A priority queue is a linear and ordered collection of elements in which each element has an attribute named priority and the priority attribute decides the order in which elements are deleted and processed. Each process performed on the element must follow the following rule:

  • Higher priority element is processed before any element of lower priority elements, and
  • The clash between two elements with the same priority is resolved by the order in which they are added to the priority queue.

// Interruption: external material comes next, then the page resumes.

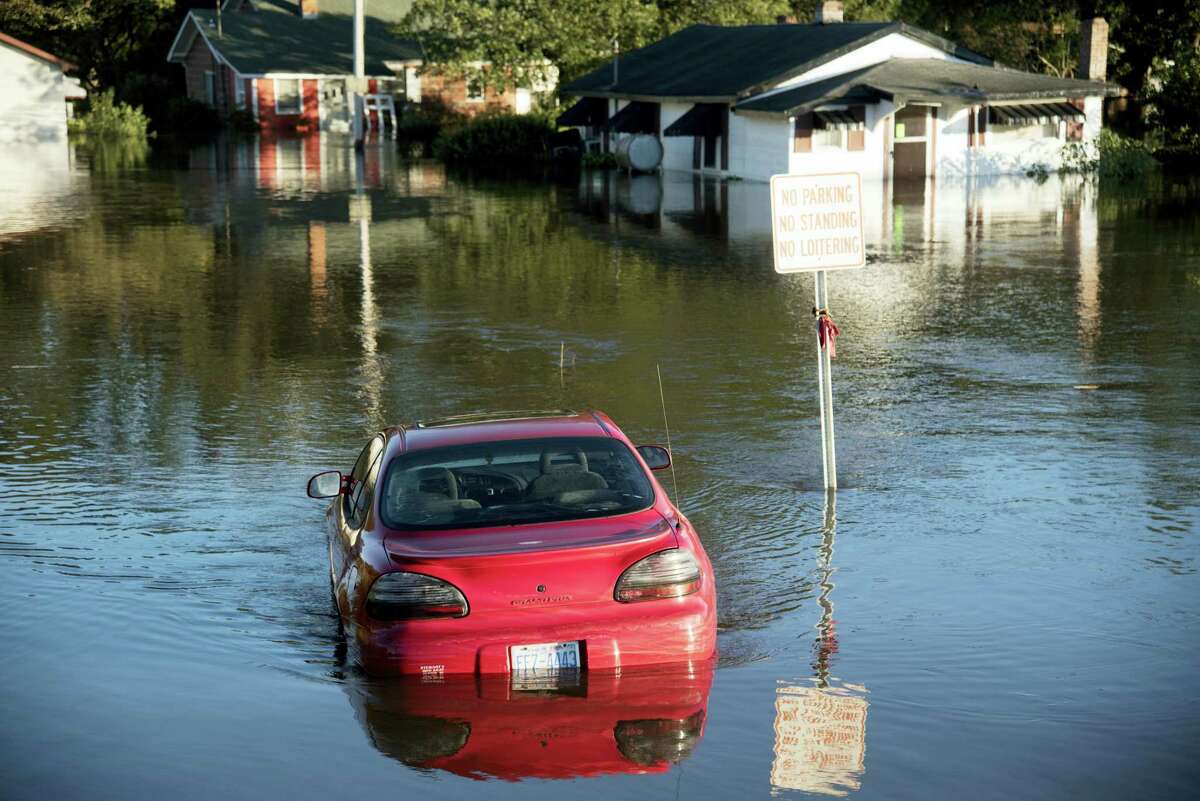 A car is submerged in floodwaters caused by rain from Hurricane Matthew in Lumberton, N.C., Monday, Oct. 10, 2016.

A priority queue is built to process the following operations in less amount of time (efficiently):

  • Get the highest priority element (Smallest or largest)
  • Deletion of the highest priority element
  • Insertion – Insertion of an element with some priority at its right place in the queue
  • Decrease Key – Decrease the value of a specific element or key

A binary heap supports these operations with the following time complexities:

  • Highest Priority element in O(1),
  • Deletion of the Highest Priority element in O(Log N),
  • Insertion in O(Log N), and
  • Decrease Key in O(Log N).

A binary search tree (BST) supports these operations with the following time complexities:

  • Highest Priority element in O(N),
  • Deletion of the Highest Priority element in O(N),
  • Insertion in O(N), and
  • Decrease Key in O(N).

An AVL Tree (Self-balancing binary tree) supports the above-required operations with the following time complexities:

  • Highest Priority element in O(Log N) but can be found in O(1) by keeping an additional pointer to the highest priority element. Also, we need to update the pointer after each insertion and deletion,
  • Deletion of the Highest Priority element in O(Log N),
  • Insertion in O(Log N), and
  • Decrease Key in O(Log N)

So, the following are the reasons why a binary heap is preferred over BST for the priority queue:

  1. A heap is implemented using an array. So, all the operations performed are more friendly for the users, and we get a better locality of reference.
  2. A heap is constructed in O(Log N) time, whereas the self-balancing tree requires O(N Log N) time.
  3. Building a binary heap is less complex than building a BST or AVL tree.
  4. The BST or AVL tree requires extra space for pointers, whereas a binary heap is free from pointers.
  5. The Fibonacci tree one of the variants of the binary heap can support the insertion and the decrease-key operation in constant time i.e., Q(1).

Although, for some operations, the AVL tree performs better than the binary heap. So, the heap are not always preferred over BSTs, and the following are the reasons:

  1. Searching in an AVL tree requires (Log N) times, but a binary heap requires O(N),
  2. The time complexities of printing the sorted sequence of elements using an AVL tree and a binary heap are O(Log N) and O(N Log N), respectively,
  3. It costs O(Log N) time is finding the kth-largest or smallest element, and
  4. The nearest largest (ceil) and smallest (floor) can be found in O(Log N) time.